My thoughts.  I have a Surly Disc Trucker that I love, but it's heavy, not sporty.  I think her Cannondale is in the 22 lb range.  I don't think she'd like a steel frame bike, so I'm thinking an aluminum frame bike suitable for touring.  That is, with lower gears and capable of carrying panniers.   The Cannondale has downtube shifters.  Will likely change to brifters with indexed shifting.  The Cannondale has rim brakes.  Will want to change to disc brakes, probably mechanical.  Will need a wide range of gears.  The Cannondale has a 42/52 chainring and 12-32 cassette.  Her lowest gear is 34 gear inches.  Would like something closer to 20.  Budget <= $2k. 

Thoughts?
Title: Re: Touring capable road bike
Post by: driftlessregion on June 23, 2020, 02:49:50 pm
What's the objection to steel?
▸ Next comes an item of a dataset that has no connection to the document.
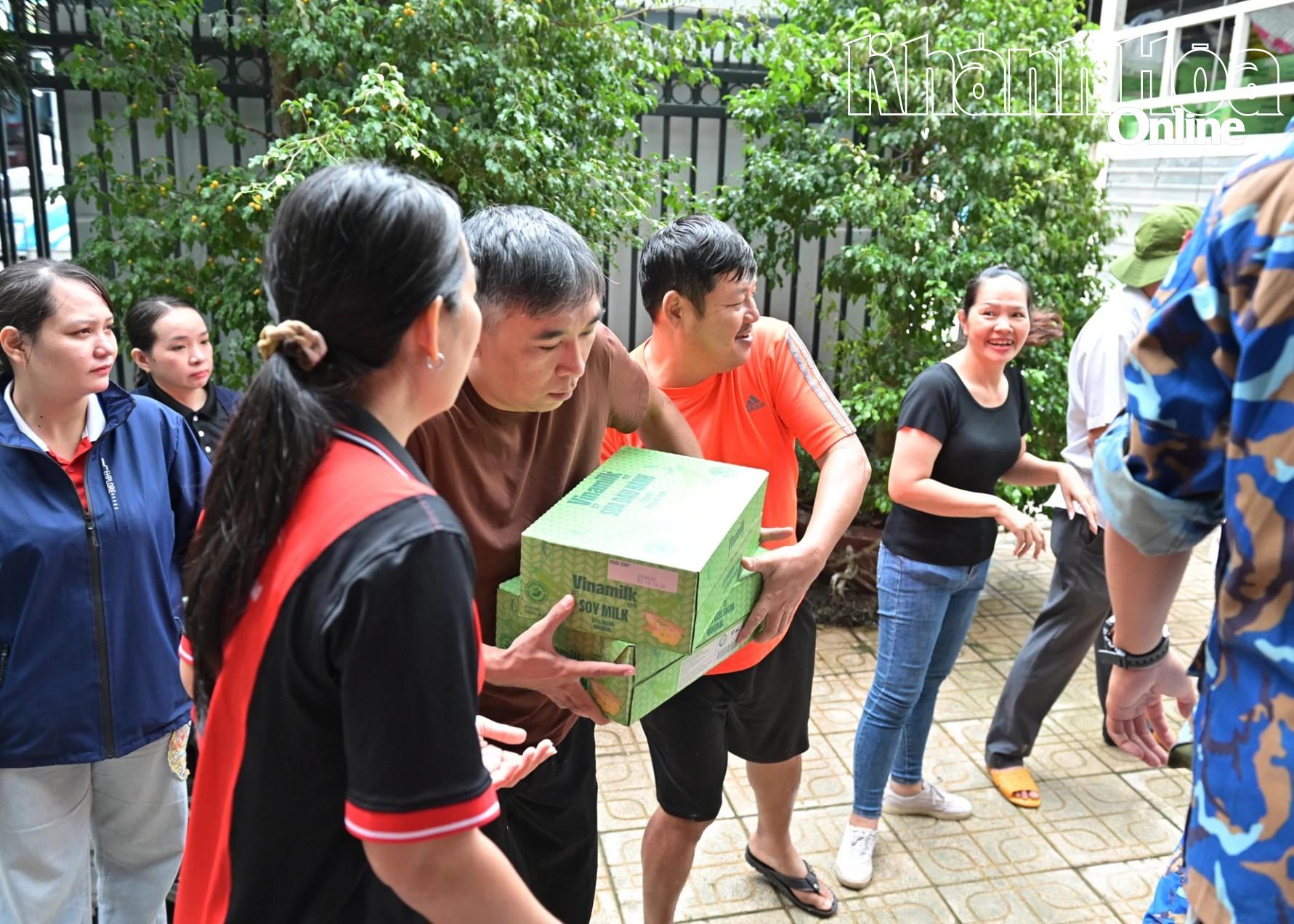 Sau khi tiếp nhận, các mặt hàng sẽ được vận chuyển, trao đến người dân trong thời gian sớm nhất.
Trek 520 disc for roughly $1680 is steel but  you can't beat it. Review in Adventure Cyclist is dated in that Trek replaced bar end shifters a couple of years ago with STI. https://www.adventurecycling.org/blog/road-test-trek-520/
Title: Re: Touring capable road bike
Post by: Pat Lamb on June 23, 2020, 03:12:29 pm
First a couple questions.  What kind of touring are you and your wife planning to do?  There's a big difference between B&B tours (load is rain gear and a couple sets of clothes), supported tours (rain gear and sunscreen), and fully loaded touring (cooking and camping gear).  Next, what kind of terrain are you going to ride?  Towpath, rail-trail, or Florida may give you much wider gearing latitude than Appalachian hill climbs.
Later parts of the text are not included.